Le nouveau logiciel de l’impunité veut nous faire admettre que le fait que certains criminels contre l’humanité supposés soient pris dans les filets de la «justice internationale» alors que leurs alter ego y échappent effrontément est une bonne nouvelle. Pour mieux saisir l’absurdité d’un tel point de vue, transposons la querelle dans les limites d’un village atchan. Un fils de Mobio a volé les poules d’un fils de Kodo, et un fils de Kodo a volé les poules d’un fils de Mobio. Parce que le chef du village est persuadé que le fils de Kodo est «mauvais » et «a poussé à bout» son adversaire, lui seul doit être arrêté. Alors que le village s’interroge sur une telle logique, celui qui tient le rôle du sage du village tranche en disant qu’il aurait aimé que les deux soient arrêtés, mais que l’arrestation du fils de Kodo est une «avancée» de la lutte contre l’impunité.

Qui peut croire à ce mensonge éhonté ? Personne.

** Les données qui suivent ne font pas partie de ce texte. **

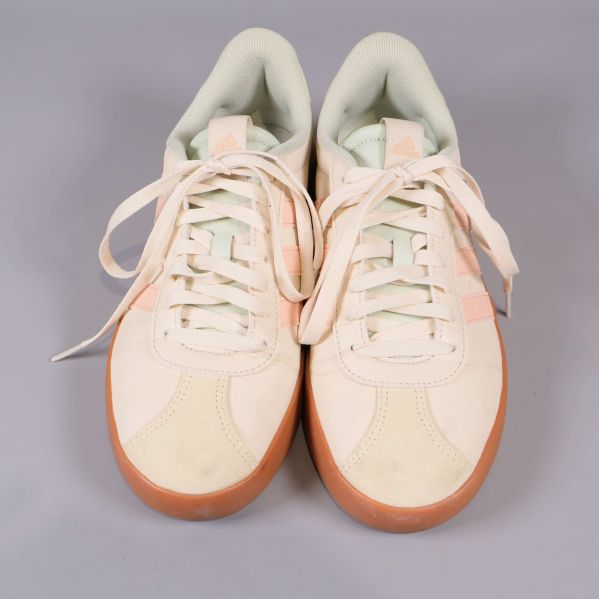 Sneakers framifrån, vitt och pastell samt snörning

Mais puisque cette nouvelle chorégraphie douteuse se déroule au plan international, l’ignorance des uns et l’indifférence des autres entretiennent les pires absurdités. Jean Pierre Bemba est à la CPI pour des crimes que ses soldats, «loués» à Ange-Félix Patassé, auraient commis. Patassé est mort de sa belle mort, loin de toute angoisse. Bozizé, dont les «libérateurs» tchadiens ont commis des crimes équivalents, gouverne la République centrafricaine, tout juste troublé par de nouveaux bruits de

Bottes Charles Taylor est à La Haye pour avoir financé et soutenu une rébellion meurtrière en Sierra Leone. Blaise Compaoré a trempé dans les mêmes magouilles, mais puisque sa dernière expédition – en Côte d’Ivoire – a été «sanctifiée» par la France et les Etats-Unis, tout va bien pour lui. Ellen Johnson-Sirleaf a financé, nous apprend la Commission Vérité et Réconciliation de son pays, la rébellion sanglante de Charles Taylor, et ne devrait pas, pour cette raison et parce qu’elle est inéligible au regard de la Constitution, rempiler. Mais elle est l’alliée privilégiée des Américains dans la région. Du coup, le prix Nobel de la paix lui a été «offert», pour l’aider à mieux faire campagne.

Dans le monde qui vient, vous pourrez toujours commettre les pires atrocités. Il faudra tout simplement vous assurer d’être du «bon» côté.